Foi o que bastou para que Cedella Marley se envolvesse de vez com as Reggae Girlz a ponto de se tornar embaixadora da seleção jamaicana. E isso só aconteceu após anos de investimento dela: em 2014, a seleção se tornou financeiramente independente depois de uma campanha vitoriosa que arrecadou 50 mil dólares (cerca de R$ 250 mil) para a disputa dos jogos da Concacaf. Nessa época, o foco era a vaga para o Mundial de 2015, que acabou não vindo.

Mesmo assim, a sementinha foi plantada justamente pela herdeira de Marley: Cedella viajou com a seleção durante o torneio para avaliar as necessidades das jogadoras com o objetivo de fazer com que elas pudessem competir em alto nível. “Elas não tinham kit, não tinham top esportivo, nutrição… Me pediram barras de cereal. Eu fiquei realmente irritada”, disse Cedella. Graças à ela, uma estrutura foi montada para atender as jogadoras – estrutura que se mantém até hoje.

Mas a base montada pela herdeira Marley foi só uma parte do todo. Foi preciso mais para estruturar uma equipe competitiva para se classificar ao primeiro Mundial disputado em 2019 e, especialmente, para a Copa do Mundo de 2023. Nesse ponto, outra pessoa também foi importante e deixou sua marca: o treinador Lorne Donaldson.
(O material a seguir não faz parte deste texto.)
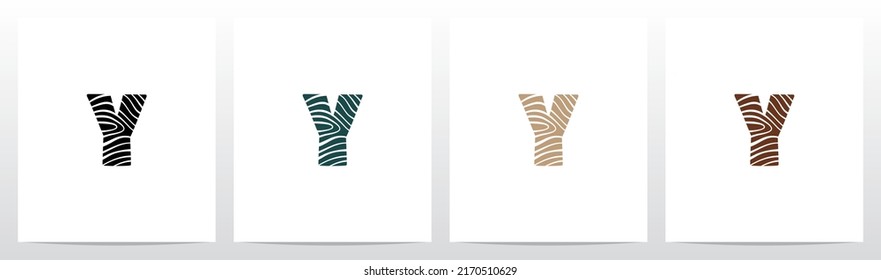 Tree Rings On Letter Logo Design Y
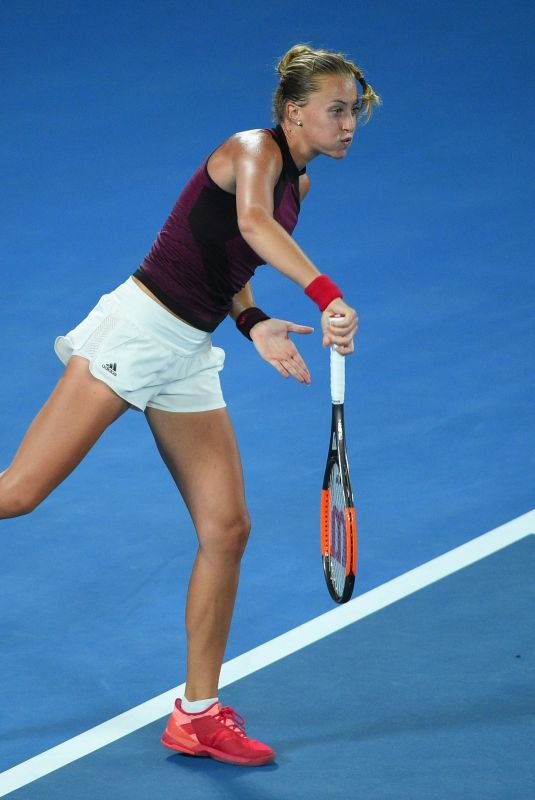 KRISTINA MLADENOVIC at Practice Session at Australian Open Tennis Tournament in Melbourne 01/13/2018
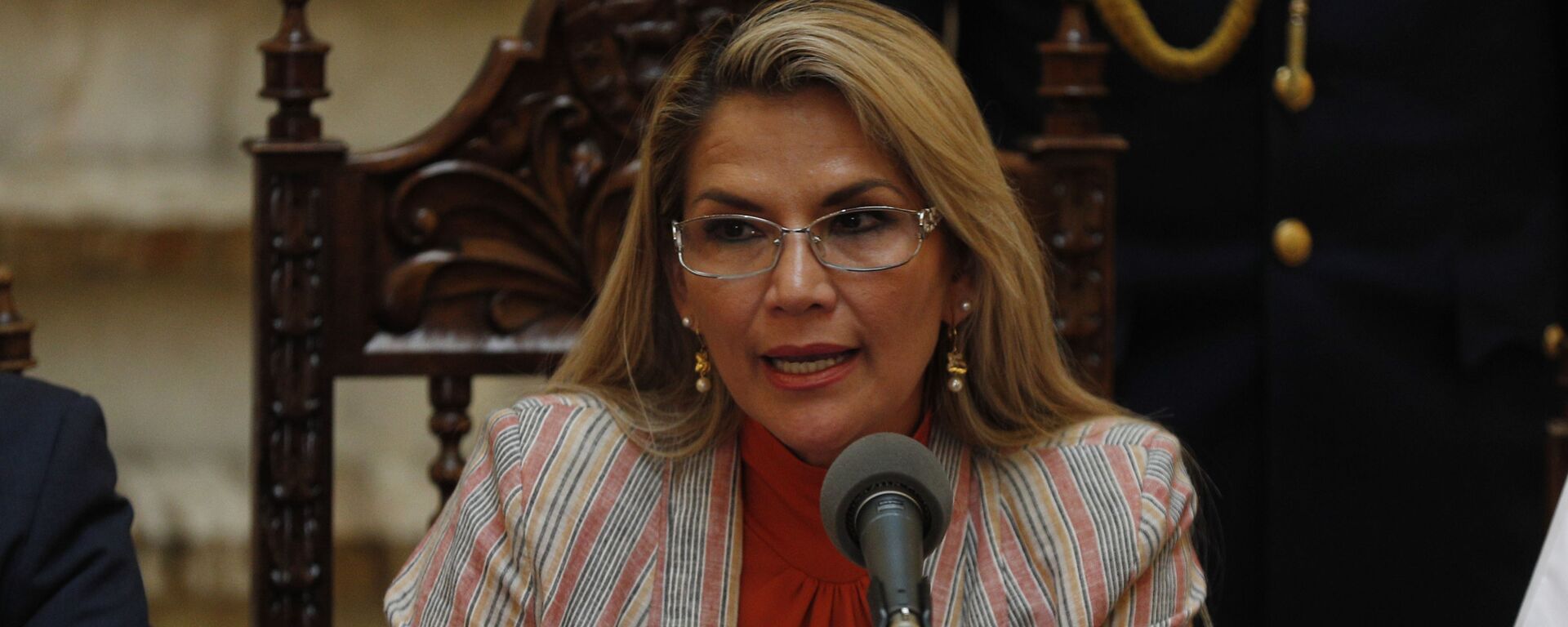 Jeanine Áñez, expresidenta de Bolivia - Sputnik Mundo, 1920, 16.12.2021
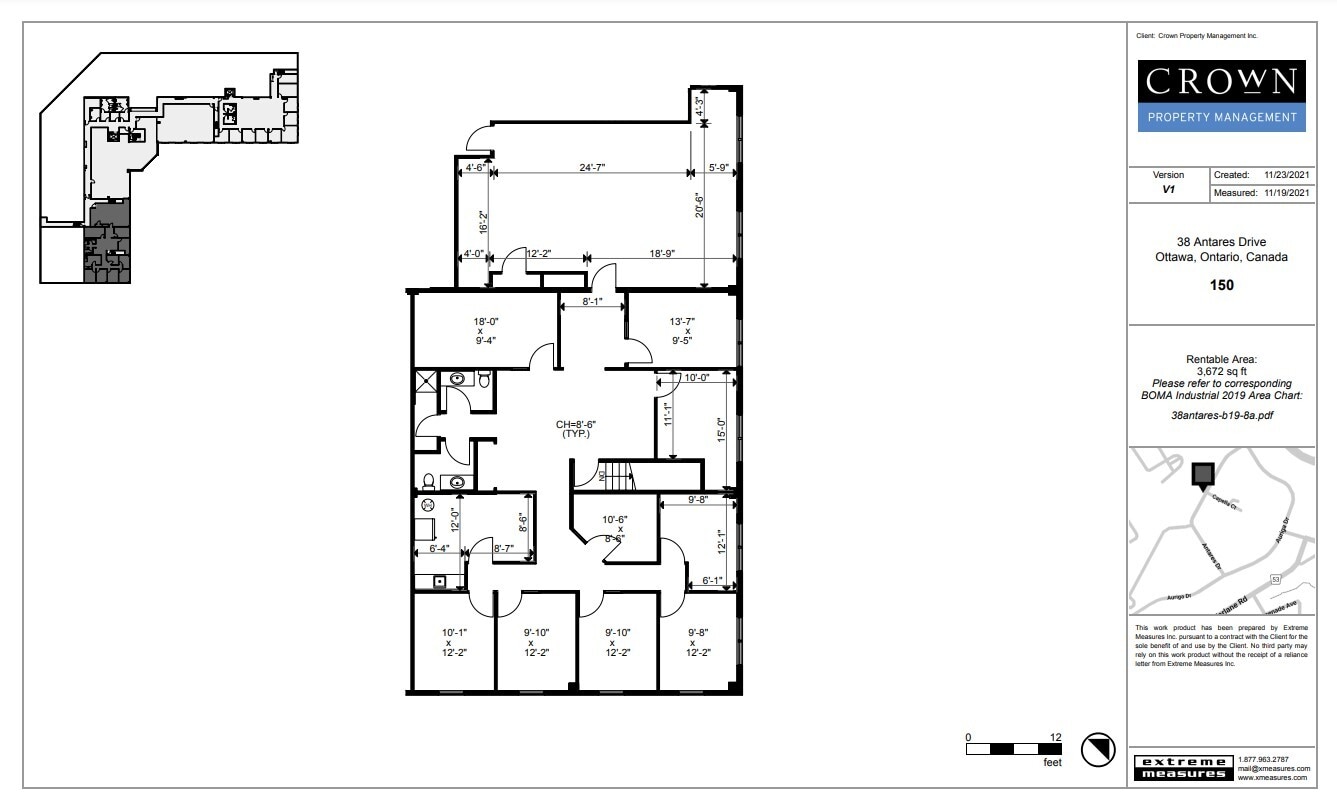 38 Antares Dr, Ottawa, ON à louer Plan d’étage– Image 1 sur 8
E quando saiu o grupo da Jamaica, com França e Brasil, ele nem se abalou: “A gente consegue um bom resultado diante da França e sacode as estruturas, deixa todo mundo nervoso”. Predestinado ou não, o empate sem gols diante das europeias, mais do que a vitória sobre o Panamá por 1×0, foi, para ele, “o resultado mais importante da história da seleção”. Porém a Jamaica quer mais. E Lorne Donaldson sabe que vai precisar de muita concentração para vencer o Brasil na última partida da fase de grupos e garantir a classificação inédita à fase mata-mata. “Espero um bando de hienas selvagens”, disse o técnico.

Lorne Donaldson assumiu a Jamaica em julho de 2022. (Foto: Fifa)
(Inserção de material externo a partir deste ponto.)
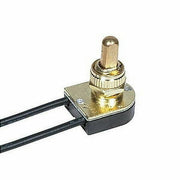 Satco Brass On-Off Metal Push Switch (Pack of 2)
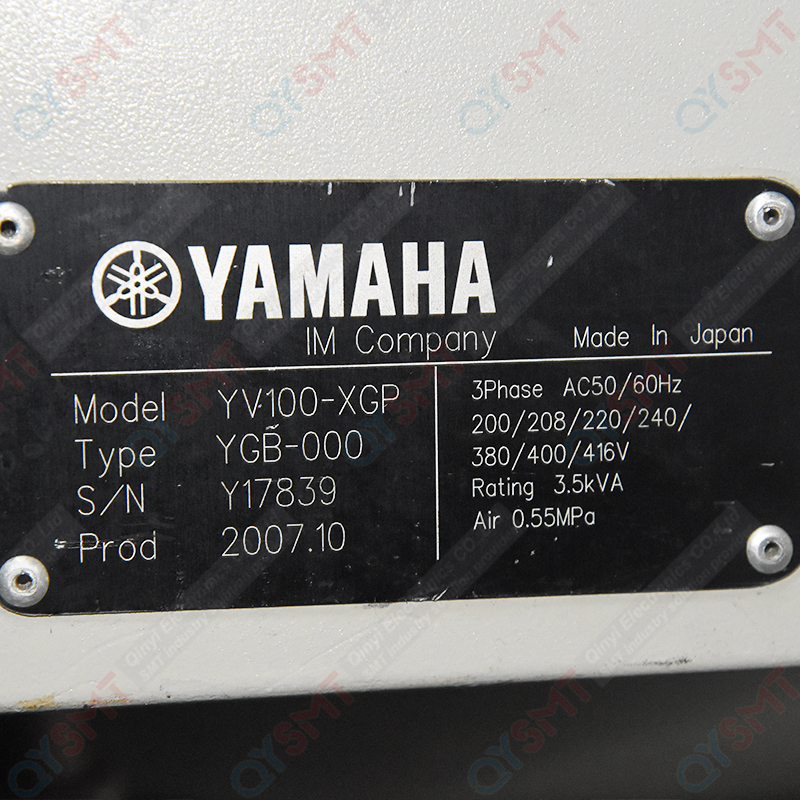 Used Pick and Place Machine/YAMAHA YV100-XGP/YGB-000 Used Chip Mounter/#000416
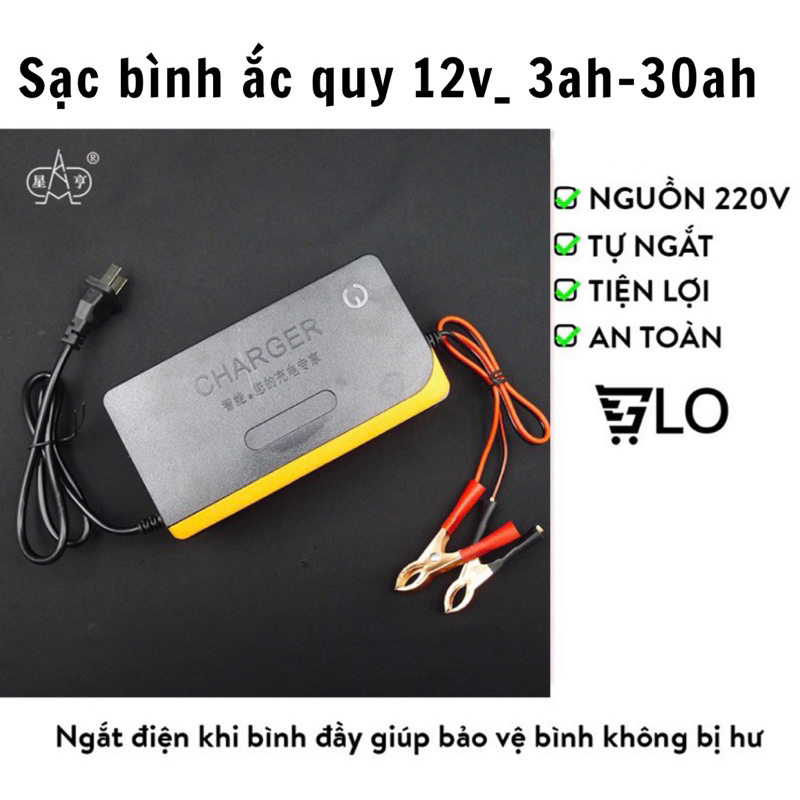 Bộ Nạp Sạc bình Ắc Quy 12v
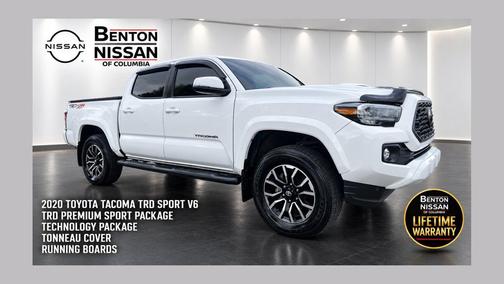 Super White 2020 Toyota Tacoma TRD Sport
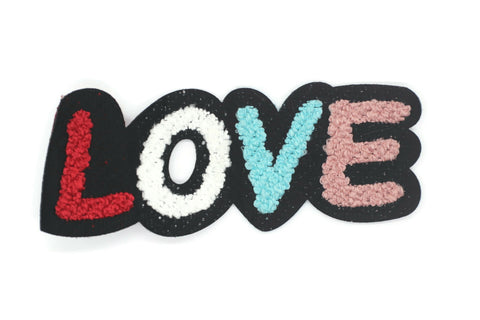 12 Pcs Colorfol Love Patch 4.5x1.7 Inch Iron On Patch Embroidery, Custom Patch, High Quality Sew On Badge for Denim, Applique, Peace Patches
Donaldson recebeu a missão de comandar as Reggae Girlz em julho de 2022, um ano antes da Copa do Mundo. Mesmo com pouco tempo para preparar a equipe que disputaria as qualificatórias do Mundial, ele sabia exatamente o que fazer, já que tinha trabalhado na comissão técnica há bastante tempo. Buscou em países com mais tradição no futebol feminino jogadoras que tinham nacionalidade jamaicana. O resultado, que se aprofundou nesse ciclo, foi interessante: das 23 atletas convocadas, apenas cinco nasceram na Jamaica. Maioria no elenco, dez das convocadas nasceram nos EUA. Outras cinco nasceram na Inglaterra e as outras três que completam o elenco são da Alemanha, Hong Kong e Canadá.

Apesar disso, a Jamaica chegou até essa Copa do Mundo sob protestos das jogadoras. Elas divulgaram ainda em junho uma carta reivindicando melhores condições de trabalho e pedindo mais atenção da confederação de futebol do país.
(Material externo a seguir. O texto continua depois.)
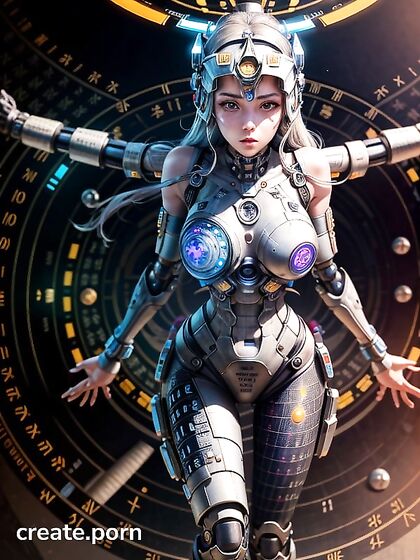 Athena in Futuristic Armor with Medium Boobs and Gear-FilledBrain forSTEAMY hentai Action
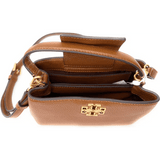  | Tory Burch Britten Small Satchel Brown -TB136138 | Handbags | Tory Burch | OneHub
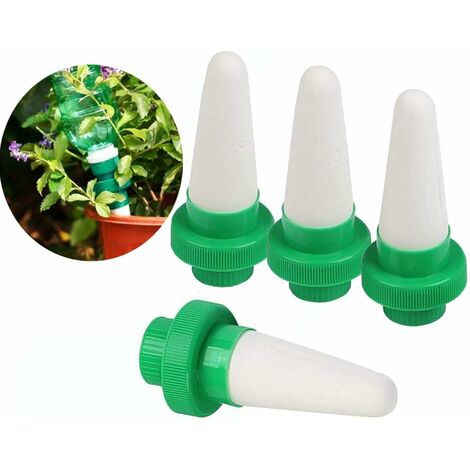 4Pcs Arrosage Plantes Automatique Irrigation Goutte à Goutte Dispositifs d'Arrosage des Plantes pour Jardin, Plante d'intérieur, Fleurs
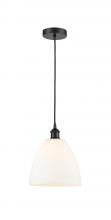  616-1P-BK-GBD-91-LED - Bristol - 1 Light - 9 inch - Matte Black - Cord hung - Mini Pendant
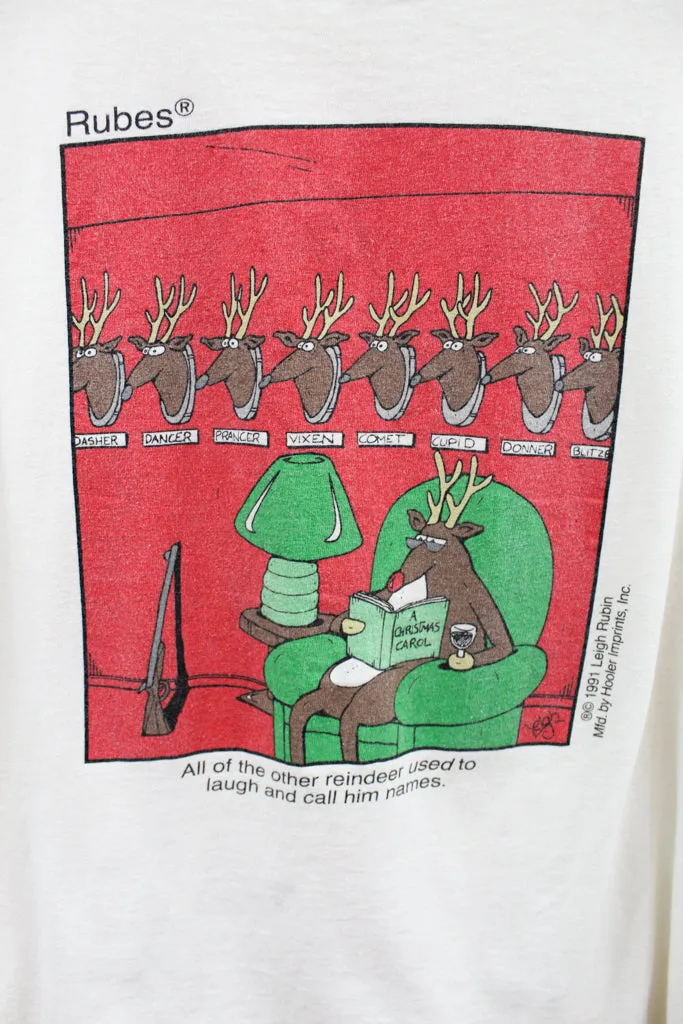 Z - Vintage Single Stitch 1991 Rudolph Hunting Graphic Tee sold by HG Vintage product image thumbnail 2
“Por várias vezes, sentamos para conversar respeitosamente com a confederação a respeito de uma preocupação nossa com o planejamento, o transporte, as acomodações e as condições de treinamento, o acesso a recursos básicos. Nós inclusive nos apresentamos para os compromissos sem receber a compensação financeira prometida no contrato”, afirmaram as jogadoras em comunicado nas redes sociais.

“Nós esperamos que usando nossas plataformas para mostrar a situação real, nossos esforços serão recompensados. Esperamos que haja uma mudança imediata e sistemática na confederação e que os que a comandam tomem atitudes para proteger a integridade do futebol feminino”.

O caos do lado de fora não se refletiu dentro de campo, e a seleção jamaicana chega pra essa partida contra o Brasil já consciente de que fez uma campanha histórica conquistando os quatro pontos que somou até aqui no torneio.

Para conseguir uma classificação inédita na Copa do Mundo, a seleção vai apelar para o seu principal talento ofensivo. Uma das principais jogadoras da Jamaica – e do mundo –, Khadija Shaw, atacante do Manchester City, estará de volta para a partida contra o Brasil. A centroavante de 26 anos foi expulsa na estreia contra a França e cumpriu suspensão diante do Panamá, na segunda rodada. Ela é o trunfo ofensivo das Reggae Girlz, mas não é o único. E, segundo o técnico Lorne Donaldson, a seleção jamaicana não se limitará a apenas se defender contras as brasileiras.

Khadija “Bunny” Shaw (Foto: William West/AFP)

“Bunny Shaw está de volta, mas ela é só uma jogadora. Temos que estar prontos para pegar o Brasil. O Brasil vai atrás da gente. Elas têm que ganhar o jogo, então vão jogar tudo em cima de nós. A gente precisa se assegurar como uma unidade defensiva coletiva, que somos bons. Mas temos que tentar tirar alguma coisa, não podemos simplesmente sentar e dizer ‘vamos nos defender o tempo todo’. Precisamos jogar das duas formas, temos que tentar os gols”, apontou Lorne Donaldson.